*EXERCISE DIRECTIONS*.
Transcribe exactly the lines that fall between the one holding "Law Firm Style" and the one holding "Nike Running Shorts Black Neon", inclusive, from the entries below.

BEGIN

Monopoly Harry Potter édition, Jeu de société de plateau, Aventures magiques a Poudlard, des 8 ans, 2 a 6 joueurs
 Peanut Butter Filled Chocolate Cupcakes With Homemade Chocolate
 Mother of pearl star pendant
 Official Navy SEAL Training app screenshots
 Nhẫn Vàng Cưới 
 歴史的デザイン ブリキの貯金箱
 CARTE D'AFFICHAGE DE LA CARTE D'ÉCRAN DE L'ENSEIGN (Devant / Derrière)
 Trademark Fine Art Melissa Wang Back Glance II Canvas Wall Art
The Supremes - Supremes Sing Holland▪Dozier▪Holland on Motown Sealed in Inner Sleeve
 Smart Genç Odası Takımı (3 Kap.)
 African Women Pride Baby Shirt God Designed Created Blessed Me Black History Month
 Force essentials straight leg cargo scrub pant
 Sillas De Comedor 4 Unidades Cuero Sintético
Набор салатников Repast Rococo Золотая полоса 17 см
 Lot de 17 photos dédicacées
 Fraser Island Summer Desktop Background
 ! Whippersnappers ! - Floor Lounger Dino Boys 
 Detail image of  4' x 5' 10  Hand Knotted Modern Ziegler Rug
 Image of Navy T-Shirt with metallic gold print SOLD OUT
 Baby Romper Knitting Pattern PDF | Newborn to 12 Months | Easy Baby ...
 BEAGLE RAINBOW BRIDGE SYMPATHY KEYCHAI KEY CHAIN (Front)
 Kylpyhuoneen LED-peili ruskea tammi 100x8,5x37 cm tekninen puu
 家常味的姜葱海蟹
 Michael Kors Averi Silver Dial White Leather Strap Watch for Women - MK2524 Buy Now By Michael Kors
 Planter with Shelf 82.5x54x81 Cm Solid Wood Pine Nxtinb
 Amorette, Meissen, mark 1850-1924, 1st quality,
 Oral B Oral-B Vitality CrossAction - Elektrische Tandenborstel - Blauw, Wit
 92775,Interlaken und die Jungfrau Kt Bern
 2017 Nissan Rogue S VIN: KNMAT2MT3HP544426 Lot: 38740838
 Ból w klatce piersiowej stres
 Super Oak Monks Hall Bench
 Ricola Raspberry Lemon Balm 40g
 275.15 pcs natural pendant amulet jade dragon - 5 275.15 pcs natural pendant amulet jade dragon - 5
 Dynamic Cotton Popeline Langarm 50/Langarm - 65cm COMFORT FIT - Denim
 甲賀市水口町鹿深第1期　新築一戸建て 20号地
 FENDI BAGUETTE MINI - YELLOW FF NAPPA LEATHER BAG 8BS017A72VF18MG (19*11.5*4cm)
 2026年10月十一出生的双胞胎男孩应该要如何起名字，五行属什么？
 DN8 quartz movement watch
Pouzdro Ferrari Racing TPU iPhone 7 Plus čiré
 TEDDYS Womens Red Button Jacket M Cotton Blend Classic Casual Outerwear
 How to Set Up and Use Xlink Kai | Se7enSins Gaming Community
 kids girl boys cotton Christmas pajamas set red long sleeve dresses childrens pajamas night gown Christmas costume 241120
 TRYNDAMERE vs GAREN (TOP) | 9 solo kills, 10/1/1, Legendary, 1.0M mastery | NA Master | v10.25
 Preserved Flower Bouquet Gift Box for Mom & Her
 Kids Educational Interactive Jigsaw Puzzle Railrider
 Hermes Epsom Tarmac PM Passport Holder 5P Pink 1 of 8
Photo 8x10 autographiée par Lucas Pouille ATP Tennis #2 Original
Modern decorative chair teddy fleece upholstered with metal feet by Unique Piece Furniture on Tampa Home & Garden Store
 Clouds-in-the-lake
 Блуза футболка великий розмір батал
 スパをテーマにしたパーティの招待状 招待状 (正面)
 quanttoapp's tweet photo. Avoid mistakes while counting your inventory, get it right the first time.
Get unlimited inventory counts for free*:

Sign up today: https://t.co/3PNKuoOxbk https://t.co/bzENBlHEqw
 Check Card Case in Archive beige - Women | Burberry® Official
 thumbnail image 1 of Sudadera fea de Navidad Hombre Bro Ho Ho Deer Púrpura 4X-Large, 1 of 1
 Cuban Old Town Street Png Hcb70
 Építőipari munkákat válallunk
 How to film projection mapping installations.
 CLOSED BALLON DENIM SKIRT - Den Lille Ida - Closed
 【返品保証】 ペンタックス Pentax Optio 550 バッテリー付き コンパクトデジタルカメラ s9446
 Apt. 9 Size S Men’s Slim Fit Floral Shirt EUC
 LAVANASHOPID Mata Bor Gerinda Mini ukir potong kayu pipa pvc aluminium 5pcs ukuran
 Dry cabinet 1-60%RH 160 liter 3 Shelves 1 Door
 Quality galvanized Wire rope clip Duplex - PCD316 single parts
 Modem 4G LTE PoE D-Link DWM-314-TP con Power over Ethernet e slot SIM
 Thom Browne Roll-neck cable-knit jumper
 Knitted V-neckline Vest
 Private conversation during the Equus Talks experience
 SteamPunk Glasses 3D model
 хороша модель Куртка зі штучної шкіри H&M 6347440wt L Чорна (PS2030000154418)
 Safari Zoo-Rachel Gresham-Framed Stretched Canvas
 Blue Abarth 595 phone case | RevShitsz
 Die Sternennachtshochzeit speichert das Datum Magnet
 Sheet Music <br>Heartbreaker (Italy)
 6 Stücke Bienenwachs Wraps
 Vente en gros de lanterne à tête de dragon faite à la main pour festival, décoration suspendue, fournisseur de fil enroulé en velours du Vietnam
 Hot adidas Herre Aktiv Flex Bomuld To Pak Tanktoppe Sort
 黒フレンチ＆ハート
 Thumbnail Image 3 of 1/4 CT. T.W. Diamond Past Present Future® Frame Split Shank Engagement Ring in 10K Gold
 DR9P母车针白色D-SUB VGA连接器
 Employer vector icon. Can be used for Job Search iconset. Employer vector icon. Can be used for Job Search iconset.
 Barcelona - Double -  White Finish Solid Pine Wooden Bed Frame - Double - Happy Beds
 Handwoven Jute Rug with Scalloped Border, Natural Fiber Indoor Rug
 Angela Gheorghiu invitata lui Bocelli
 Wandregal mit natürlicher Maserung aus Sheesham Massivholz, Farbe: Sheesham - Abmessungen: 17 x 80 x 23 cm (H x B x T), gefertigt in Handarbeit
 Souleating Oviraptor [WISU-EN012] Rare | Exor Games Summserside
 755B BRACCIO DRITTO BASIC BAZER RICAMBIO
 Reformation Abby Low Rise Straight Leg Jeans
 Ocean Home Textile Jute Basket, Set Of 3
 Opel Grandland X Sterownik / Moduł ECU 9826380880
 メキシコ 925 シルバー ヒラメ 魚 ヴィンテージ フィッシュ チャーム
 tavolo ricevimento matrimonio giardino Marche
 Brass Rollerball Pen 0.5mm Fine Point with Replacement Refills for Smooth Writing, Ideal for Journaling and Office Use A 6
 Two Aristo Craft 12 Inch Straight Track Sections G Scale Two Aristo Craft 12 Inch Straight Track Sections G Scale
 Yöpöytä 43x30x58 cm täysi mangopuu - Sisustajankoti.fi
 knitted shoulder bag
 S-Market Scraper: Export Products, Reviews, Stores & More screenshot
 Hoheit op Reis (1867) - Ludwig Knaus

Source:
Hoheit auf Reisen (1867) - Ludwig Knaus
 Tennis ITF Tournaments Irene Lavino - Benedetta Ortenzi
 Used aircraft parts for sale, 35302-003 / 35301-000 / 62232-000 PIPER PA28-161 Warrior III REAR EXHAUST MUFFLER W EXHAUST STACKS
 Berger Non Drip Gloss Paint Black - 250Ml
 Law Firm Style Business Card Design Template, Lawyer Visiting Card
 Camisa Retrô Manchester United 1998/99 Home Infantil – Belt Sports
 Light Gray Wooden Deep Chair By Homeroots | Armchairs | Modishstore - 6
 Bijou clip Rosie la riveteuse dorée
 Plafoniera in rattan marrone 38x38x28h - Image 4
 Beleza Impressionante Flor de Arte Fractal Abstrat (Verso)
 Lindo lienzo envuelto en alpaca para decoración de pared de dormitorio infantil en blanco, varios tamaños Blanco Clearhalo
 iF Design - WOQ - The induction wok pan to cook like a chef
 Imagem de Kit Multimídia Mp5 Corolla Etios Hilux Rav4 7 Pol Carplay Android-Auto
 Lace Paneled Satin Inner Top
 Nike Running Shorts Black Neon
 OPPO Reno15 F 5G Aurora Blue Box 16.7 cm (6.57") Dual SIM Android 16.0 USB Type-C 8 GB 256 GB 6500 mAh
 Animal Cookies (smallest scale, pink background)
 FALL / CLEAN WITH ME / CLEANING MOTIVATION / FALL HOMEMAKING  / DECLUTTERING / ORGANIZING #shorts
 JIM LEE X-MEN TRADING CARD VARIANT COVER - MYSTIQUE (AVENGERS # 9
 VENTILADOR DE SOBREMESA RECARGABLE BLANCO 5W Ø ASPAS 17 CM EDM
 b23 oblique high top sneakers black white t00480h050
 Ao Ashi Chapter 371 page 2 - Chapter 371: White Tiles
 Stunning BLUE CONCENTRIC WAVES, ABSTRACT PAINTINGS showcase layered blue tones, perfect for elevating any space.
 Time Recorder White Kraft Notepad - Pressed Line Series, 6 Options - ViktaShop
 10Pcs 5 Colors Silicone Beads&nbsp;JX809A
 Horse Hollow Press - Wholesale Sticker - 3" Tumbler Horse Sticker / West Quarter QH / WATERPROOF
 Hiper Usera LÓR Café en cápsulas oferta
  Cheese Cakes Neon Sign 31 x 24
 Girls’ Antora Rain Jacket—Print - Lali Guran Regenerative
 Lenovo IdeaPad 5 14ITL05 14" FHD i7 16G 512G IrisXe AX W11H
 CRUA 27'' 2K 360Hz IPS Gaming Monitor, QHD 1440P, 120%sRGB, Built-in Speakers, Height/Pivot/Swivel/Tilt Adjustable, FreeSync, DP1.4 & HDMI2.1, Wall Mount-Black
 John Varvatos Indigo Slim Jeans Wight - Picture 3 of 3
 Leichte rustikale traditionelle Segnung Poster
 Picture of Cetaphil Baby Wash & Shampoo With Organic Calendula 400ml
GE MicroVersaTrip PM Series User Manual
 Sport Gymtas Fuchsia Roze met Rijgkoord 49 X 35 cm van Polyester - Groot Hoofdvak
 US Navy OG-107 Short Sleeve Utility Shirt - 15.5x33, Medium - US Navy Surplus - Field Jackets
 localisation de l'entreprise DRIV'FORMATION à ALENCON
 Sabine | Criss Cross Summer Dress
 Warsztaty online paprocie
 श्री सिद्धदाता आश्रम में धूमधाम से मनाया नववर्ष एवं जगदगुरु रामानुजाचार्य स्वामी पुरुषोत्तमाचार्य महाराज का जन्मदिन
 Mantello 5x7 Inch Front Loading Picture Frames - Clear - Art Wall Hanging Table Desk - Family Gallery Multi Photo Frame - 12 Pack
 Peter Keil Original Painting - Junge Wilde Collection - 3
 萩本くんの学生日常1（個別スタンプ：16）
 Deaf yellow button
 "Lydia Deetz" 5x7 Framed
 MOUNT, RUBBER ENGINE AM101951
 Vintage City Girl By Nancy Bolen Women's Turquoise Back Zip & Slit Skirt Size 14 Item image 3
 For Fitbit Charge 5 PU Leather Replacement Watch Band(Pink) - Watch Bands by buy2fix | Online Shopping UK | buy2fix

END

*YOUR SOLUTION*.
 Law Firm Style Business Card Design Template, Lawyer Visiting Card
 Camisa Retrô Manchester United 1998/99 Home Infantil – Belt Sports
 Light Gray Wooden Deep Chair By Homeroots | Armchairs | Modishstore - 6
 Bijou clip Rosie la riveteuse dorée
 Plafoniera in rattan marrone 38x38x28h - Image 4
 Beleza Impressionante Flor de Arte Fractal Abstrat (Verso)
 Lindo lienzo envuelto en alpaca para decoración de pared de dormitorio infantil en blanco, varios tamaños Blanco Clearhalo
 iF Design - WOQ - The induction wok pan to cook like a chef
 Imagem de Kit Multimídia Mp5 Corolla Etios Hilux Rav4 7 Pol Carplay Android-Auto
 Lace Paneled Satin Inner Top
 Nike Running Shorts Black Neon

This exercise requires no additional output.